- _Task requirements_
The result should be every line of the listing that holds the word "Cashmere".

- _Provided material_
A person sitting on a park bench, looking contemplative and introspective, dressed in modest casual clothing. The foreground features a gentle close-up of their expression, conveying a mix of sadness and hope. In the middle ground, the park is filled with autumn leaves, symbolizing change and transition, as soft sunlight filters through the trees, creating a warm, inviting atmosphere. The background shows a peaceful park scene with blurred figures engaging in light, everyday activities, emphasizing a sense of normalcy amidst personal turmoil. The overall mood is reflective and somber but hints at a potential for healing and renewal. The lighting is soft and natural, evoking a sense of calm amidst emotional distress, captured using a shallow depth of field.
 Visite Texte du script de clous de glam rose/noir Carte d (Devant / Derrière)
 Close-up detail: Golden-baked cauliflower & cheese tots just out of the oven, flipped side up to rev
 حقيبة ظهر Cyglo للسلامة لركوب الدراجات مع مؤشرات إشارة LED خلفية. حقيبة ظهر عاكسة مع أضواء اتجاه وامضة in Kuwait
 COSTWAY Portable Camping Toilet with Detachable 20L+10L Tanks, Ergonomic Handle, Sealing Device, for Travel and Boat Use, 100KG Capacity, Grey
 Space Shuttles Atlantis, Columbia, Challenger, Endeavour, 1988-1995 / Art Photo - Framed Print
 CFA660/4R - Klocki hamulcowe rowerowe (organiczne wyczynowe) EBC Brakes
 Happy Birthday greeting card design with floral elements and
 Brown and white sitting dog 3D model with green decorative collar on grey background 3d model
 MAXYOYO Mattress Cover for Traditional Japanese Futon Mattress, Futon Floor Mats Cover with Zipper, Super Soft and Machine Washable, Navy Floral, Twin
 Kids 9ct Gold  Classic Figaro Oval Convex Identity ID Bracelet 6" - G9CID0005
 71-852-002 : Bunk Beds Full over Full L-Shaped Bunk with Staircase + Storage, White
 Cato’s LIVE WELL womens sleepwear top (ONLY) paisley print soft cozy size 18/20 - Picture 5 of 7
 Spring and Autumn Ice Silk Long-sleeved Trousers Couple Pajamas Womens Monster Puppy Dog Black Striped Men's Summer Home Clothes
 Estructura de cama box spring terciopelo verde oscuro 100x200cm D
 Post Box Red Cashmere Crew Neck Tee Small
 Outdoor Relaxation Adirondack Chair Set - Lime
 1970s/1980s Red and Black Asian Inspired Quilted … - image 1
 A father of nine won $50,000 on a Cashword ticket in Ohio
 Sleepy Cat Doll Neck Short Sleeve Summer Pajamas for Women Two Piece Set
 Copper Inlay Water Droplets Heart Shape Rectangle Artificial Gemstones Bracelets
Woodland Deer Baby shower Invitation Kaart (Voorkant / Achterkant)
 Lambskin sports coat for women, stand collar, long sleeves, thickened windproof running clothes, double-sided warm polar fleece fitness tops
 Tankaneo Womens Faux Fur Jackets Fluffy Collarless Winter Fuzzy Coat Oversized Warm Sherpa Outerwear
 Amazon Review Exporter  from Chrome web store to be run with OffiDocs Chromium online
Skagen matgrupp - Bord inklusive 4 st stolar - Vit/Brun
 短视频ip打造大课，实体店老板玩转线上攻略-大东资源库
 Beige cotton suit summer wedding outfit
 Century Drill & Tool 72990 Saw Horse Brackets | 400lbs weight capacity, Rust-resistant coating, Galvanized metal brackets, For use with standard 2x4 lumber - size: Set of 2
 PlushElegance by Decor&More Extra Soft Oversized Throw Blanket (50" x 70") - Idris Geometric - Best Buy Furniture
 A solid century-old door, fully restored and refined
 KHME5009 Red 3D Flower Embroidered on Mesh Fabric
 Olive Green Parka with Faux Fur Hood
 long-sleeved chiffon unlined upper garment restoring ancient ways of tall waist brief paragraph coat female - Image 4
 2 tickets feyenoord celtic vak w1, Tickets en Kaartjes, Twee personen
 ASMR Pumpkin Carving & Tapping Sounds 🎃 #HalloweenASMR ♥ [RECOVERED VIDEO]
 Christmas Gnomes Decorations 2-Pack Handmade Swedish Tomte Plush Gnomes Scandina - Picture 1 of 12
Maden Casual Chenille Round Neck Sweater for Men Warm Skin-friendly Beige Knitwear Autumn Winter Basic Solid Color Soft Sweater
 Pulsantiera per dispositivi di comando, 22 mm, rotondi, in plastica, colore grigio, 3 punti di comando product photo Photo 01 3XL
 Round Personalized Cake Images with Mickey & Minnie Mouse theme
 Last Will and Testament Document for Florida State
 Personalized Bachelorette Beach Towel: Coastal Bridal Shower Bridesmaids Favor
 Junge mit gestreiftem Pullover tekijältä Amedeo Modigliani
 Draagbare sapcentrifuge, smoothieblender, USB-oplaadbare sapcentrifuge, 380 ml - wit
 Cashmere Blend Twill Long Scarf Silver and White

- _Exercise output_
 Post Box Red Cashmere Crew Neck Tee Small
 Cashmere Blend Twill Long Scarf Silver and White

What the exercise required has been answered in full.